> **Assignment**: Print the lines below exactly, beginning with the one that contains "Mulher atraente sentado" and stopping after the last line.

##########

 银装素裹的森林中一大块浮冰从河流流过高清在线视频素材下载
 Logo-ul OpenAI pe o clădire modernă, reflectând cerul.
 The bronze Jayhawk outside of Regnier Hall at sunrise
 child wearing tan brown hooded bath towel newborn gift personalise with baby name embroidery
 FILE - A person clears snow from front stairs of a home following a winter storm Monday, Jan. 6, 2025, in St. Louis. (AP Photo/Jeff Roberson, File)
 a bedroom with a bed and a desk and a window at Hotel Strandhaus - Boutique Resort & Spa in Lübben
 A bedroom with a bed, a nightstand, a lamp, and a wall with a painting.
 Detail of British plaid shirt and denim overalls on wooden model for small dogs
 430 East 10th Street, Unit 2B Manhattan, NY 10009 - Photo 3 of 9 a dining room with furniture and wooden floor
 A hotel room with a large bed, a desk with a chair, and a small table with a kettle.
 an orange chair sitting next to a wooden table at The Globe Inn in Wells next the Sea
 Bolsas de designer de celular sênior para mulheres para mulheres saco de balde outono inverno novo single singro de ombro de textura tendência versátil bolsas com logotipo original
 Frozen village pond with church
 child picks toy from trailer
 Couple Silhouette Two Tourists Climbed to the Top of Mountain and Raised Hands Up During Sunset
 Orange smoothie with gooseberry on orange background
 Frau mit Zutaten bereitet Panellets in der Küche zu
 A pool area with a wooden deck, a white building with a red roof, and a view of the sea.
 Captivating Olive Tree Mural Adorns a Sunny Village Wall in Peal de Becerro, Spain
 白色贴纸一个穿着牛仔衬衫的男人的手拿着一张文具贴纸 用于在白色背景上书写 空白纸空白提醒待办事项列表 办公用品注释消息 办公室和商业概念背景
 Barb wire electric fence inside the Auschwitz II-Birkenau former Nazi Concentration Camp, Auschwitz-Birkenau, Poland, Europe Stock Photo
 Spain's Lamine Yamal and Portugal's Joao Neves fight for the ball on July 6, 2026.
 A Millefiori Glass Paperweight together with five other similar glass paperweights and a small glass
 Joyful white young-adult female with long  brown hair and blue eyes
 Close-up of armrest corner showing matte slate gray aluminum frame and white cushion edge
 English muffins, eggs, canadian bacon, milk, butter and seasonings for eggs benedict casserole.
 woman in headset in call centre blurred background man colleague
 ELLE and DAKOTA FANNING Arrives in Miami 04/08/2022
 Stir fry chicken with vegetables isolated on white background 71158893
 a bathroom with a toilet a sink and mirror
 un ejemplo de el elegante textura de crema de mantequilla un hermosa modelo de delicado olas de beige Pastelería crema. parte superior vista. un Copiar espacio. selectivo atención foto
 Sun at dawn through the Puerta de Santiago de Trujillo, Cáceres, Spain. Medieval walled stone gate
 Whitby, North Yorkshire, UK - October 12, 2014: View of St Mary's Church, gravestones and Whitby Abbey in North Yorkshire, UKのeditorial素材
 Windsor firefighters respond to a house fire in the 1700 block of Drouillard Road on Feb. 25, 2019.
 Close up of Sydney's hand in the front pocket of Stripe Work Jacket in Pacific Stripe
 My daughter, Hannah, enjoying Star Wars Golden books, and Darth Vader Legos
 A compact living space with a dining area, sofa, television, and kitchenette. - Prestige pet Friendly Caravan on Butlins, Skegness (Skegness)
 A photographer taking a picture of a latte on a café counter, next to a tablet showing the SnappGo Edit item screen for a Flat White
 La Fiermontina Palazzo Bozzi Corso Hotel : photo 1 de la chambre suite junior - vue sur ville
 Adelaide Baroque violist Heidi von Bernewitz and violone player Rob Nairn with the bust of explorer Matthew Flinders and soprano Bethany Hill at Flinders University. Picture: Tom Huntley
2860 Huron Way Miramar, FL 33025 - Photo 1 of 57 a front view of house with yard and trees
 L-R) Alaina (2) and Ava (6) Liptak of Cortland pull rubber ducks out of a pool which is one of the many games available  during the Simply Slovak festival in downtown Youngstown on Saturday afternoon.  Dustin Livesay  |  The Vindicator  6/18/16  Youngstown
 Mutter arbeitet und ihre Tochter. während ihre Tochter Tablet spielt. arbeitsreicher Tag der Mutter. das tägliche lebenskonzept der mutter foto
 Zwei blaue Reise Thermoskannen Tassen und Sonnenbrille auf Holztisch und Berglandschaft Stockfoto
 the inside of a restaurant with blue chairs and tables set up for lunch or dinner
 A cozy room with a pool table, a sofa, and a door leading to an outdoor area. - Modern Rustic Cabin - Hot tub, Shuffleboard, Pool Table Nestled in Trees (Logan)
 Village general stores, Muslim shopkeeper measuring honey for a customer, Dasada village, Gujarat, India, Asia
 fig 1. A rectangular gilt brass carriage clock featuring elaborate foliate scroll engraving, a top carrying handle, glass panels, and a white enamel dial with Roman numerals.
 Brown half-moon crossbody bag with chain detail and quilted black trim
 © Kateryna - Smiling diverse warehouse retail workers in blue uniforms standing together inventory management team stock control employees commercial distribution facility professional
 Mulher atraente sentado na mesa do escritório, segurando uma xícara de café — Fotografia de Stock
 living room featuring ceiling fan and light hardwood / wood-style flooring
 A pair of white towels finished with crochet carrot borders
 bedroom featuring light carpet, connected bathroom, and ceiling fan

##########

> **Response to the exercise**:
 Mulher atraente sentado na mesa do escritório, segurando uma xícara de café — Fotografia de Stock
 living room featuring ceiling fan and light hardwood / wood-style flooring
 A pair of white towels finished with crochet carrot borders
 bedroom featuring light carpet, connected bathroom, and ceiling fan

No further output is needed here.